Interestingly it triggers on different lines each time I run it. This is the latest:
Compilation Analysis: ================================================================================
Compilation Analysis: Compilation Cause
Compilation Analysis: most likely user code trying to access tensor value before mark_step
Compilation Analysis: Graph Info:
Compilation Analysis: Graph Hash: 507d309b2d23e1c0ff316e65fbb8d47a
Compilation Analysis: Number of Graph Inputs: 229
Compilation Analysis: Number of Graph Outputs: 1
Compilation Analysis: Python Frame Triggered Execution:
Compilation Analysis: _apply_rotary_emb_inplace (REDACTED/k-diffusion/k_diffusion/models/image_transformer_v2.py:196)
Compilation Analysis: _fn (REDACTED/.local/lib/python3.10/site-packages/torch/_dynamo/eval_frame.py:489)
Compilation Analysis: __call__ (REDACTED/k-diffusion/k_diffusion/models/flags.py:56)
Compilation Analysis: forward (REDACTED/k-diffusion/k_diffusion/models/image_transformer_v2.py:205)
Compilation Analysis: apply (REDACTED/.local/lib/python3.10/site-packages/torch/autograd/function.py:553)
Compilation Analysis: apply_rotary_emb_ (REDACTED/k-diffusion/k_diffusion/models/image_transformer_v2.py:222)
Compilation Analysis: forward (REDACTED/k-diffusion/k_diffusion/models/image_transformer_v2.py:380)
Compilation Analysis: _call_impl (REDACTED/.local/lib/python3.10/site-packages/torch/nn/modules/module.py:1520)

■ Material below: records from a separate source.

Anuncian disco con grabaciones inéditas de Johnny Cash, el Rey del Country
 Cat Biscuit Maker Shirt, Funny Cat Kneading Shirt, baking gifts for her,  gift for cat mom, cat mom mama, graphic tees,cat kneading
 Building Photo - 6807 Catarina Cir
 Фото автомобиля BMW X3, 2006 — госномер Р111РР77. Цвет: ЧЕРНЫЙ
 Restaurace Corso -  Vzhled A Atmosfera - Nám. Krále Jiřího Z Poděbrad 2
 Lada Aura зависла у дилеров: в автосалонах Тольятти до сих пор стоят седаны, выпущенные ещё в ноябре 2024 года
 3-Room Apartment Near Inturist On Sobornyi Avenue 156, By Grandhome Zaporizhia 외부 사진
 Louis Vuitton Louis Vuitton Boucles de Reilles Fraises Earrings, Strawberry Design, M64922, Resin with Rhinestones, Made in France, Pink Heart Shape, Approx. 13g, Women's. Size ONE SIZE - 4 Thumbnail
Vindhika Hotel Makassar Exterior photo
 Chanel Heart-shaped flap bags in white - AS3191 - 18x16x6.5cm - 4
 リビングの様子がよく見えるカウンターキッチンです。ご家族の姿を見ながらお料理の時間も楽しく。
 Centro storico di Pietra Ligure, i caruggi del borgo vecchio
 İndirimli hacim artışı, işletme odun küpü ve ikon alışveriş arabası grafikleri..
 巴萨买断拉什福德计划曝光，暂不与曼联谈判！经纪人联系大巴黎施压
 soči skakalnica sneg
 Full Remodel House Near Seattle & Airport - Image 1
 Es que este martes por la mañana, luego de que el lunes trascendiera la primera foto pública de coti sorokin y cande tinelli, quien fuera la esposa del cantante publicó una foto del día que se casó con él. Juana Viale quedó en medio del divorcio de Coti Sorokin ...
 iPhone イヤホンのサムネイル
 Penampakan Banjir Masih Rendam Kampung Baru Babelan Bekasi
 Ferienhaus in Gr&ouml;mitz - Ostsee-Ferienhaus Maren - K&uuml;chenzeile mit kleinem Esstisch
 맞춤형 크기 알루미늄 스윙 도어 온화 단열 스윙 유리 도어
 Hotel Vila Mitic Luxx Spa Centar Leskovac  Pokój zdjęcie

Compilation Analysis: ..........
Compilation Analysis: --------------------------------------------------------------------------------
Compilation Analysis: ================================================================================
Which is this line respectively: https://github.com/crowsonkb/k-diffusion/blob/master/k_diffusion/models/image_transformer_v2.py#L196
From what I can tell REDACTED/k-diffusion/k_diffusion/models/image_transformer_v2.py:196
this line trying to access the value of a torch_xla tensor before the execution. If you look at the output graph
Compilation Analysis: Number of Graph Inputs: 229
Compilation Analysis: Number of Graph Outputs: 1
it means it is trying to compute the value of one tensor... but this really confuse me since y1 = x1_ * cos - x2_ * sin
this doesn't seems like it is doing that.. I started to wondering if it is the way I grab the python frame is problematic somehow. If you enabled XLA_IR_DEBUG=1 XLA_HLO_DEBUG=1
and dump the HLO graph by XLA_IR_DEBUG=1 XLA_HLO_DEBUG=1 XLA_SAVE_TENSORS_FMT="hlo" XLA_SAVE_TENSORS_FILE="/tmp/save1.hlo"
. Can you find the graph with hash 507d309b2d23e1c0ff316e65fbb8d47a
(or whichever new hash might be) and share it here?